The grimace that graces her face makes me smile. I don’t know what she’s imagining, but I would love to. Though she’s wrong about one thing.

“You were reborn to Earth,” I explain, keeping my words gentle and clear. “There is no magic there, which means your wolf has been suppressed for—” I’m at a loss for words as I realize that if she’s continually been reborn to Earth all this time that her poor wolf has been locked away for five centuries.

Not only does my heart break for her inner animal, but my own howls within my mind. Isla isn’t just the other half of my soul—she’s his too—and knowing that his mate has been trapped? There are no proper words to describe that grief.

“For what?” Isla asks, encouraging me to finish my sentence and at least seeming more intrigued about what I have to share.

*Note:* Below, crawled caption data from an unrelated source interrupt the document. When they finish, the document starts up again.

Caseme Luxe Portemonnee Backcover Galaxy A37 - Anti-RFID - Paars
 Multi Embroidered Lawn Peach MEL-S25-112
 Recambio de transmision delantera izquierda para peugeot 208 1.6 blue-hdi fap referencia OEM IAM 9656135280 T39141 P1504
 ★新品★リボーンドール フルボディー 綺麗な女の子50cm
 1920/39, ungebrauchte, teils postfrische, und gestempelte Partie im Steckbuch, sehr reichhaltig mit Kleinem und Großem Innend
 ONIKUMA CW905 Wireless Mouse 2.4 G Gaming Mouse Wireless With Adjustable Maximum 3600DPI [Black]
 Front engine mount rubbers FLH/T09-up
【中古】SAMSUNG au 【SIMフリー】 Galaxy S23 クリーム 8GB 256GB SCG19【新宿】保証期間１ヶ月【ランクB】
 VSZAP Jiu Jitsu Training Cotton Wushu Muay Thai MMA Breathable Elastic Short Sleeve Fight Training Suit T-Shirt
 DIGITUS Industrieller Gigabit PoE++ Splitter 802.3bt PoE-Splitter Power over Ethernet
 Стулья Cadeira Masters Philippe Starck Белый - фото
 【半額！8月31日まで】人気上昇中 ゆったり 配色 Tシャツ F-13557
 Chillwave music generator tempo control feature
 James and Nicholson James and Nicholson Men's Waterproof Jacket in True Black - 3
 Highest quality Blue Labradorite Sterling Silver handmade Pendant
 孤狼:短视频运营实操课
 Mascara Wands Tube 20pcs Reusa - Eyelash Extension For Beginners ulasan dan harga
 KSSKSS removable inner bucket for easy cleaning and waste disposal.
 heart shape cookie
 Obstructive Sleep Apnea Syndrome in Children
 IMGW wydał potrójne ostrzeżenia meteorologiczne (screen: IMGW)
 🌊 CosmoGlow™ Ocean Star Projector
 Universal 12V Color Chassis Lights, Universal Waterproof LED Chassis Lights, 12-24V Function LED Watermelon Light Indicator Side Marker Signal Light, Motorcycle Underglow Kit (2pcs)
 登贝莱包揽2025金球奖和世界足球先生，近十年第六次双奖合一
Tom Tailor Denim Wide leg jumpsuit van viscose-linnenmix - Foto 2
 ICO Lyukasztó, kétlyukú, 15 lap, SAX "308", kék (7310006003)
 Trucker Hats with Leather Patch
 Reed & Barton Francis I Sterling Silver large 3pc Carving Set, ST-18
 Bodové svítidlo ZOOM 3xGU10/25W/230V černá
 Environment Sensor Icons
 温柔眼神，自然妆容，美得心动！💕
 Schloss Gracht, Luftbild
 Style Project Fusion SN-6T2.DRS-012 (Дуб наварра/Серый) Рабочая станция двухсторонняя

“Since you died the first time,” I tell her. Though another thought occurs to me. “Do you ever have vivid dreams about places you’ve never been to but that seem almost too real?”

She shakes her head and I’m not surprised, but I at least had to try. If she’d dreamt of any of her past lives like the children born here do as they begin to mature, then it might have given us some much-needed answers.

“You’re not lying to me, are you?” she asks, rubbing a hand over her chest, her expression mingling confusion and realization. “This is all real, I’m not stuck in the world’s longest dream, and…”

Her eyes close and I want to say something to fill the silence, but I wait for her to find her words, to finish what she was going to say.

“I once lived here.”

That’s not what I was hoping for her to confess, but it’s a start.

“Yes, to all of that,” I tell her sincerely, noticing that the small cut on her cheek hasn’t healed yet. Though the deeper one caused by the young wolf—who was so distracted by Isla’s new scent that he didn’t realize his alpha was coming for him—on my forearm is barely a pink mark.

Could it be possible that something went wrong with my mate’s reincarnation and she’s no longer one of us?

That’s a question I don’t know how to answer, but no matter, she’s still mine. I feel that in my soul and nobody can tell me otherwise. I’m going to do whatever it takes to make sure she’s not only okay with what she’s learned, but that she decides to stay for the right reasons, not because I’ve forced her hand.

Ripping a piece of fabric from the sleeve of my shirt, I hold my hand out. “May I?”